**Description of the task:**
Nothing besides a number belongs in the answer, which is how many lines of the listing contain the string "Lakin".

**Data extracts:**

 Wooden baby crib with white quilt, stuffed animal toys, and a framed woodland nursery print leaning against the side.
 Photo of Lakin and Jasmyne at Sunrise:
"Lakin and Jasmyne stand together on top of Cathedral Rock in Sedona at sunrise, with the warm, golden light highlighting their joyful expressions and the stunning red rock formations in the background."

==

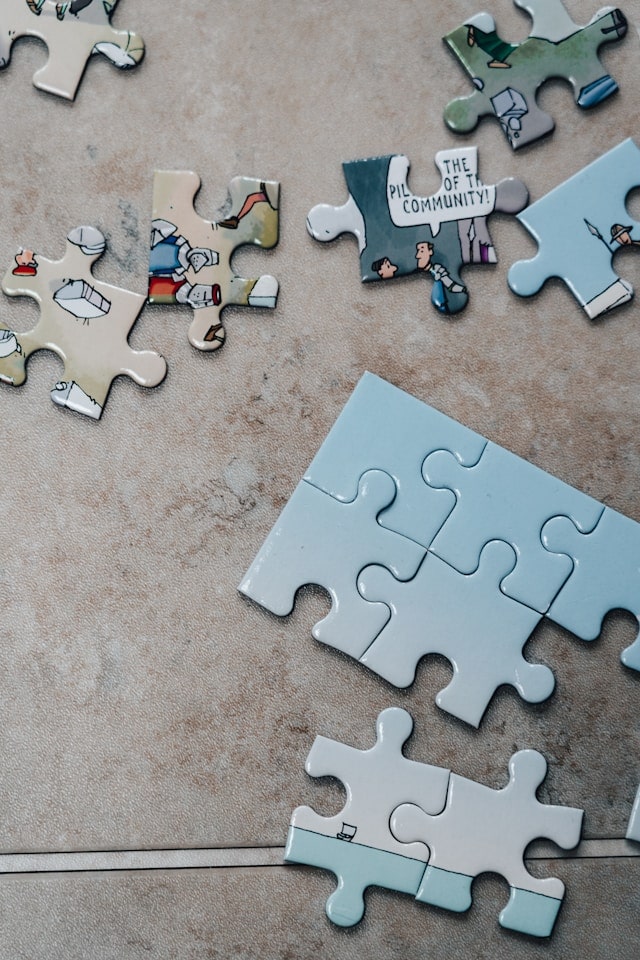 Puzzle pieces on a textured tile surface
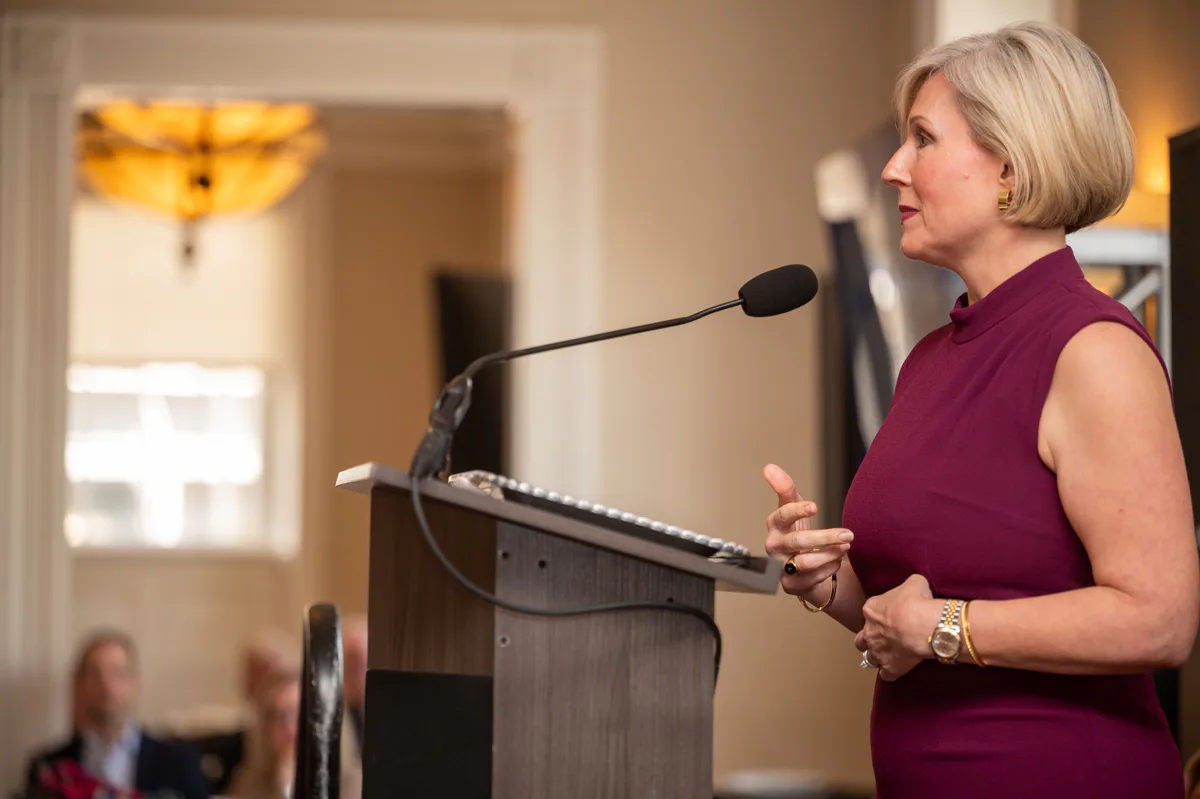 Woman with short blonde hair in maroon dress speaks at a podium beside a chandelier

**Exercise output:**
2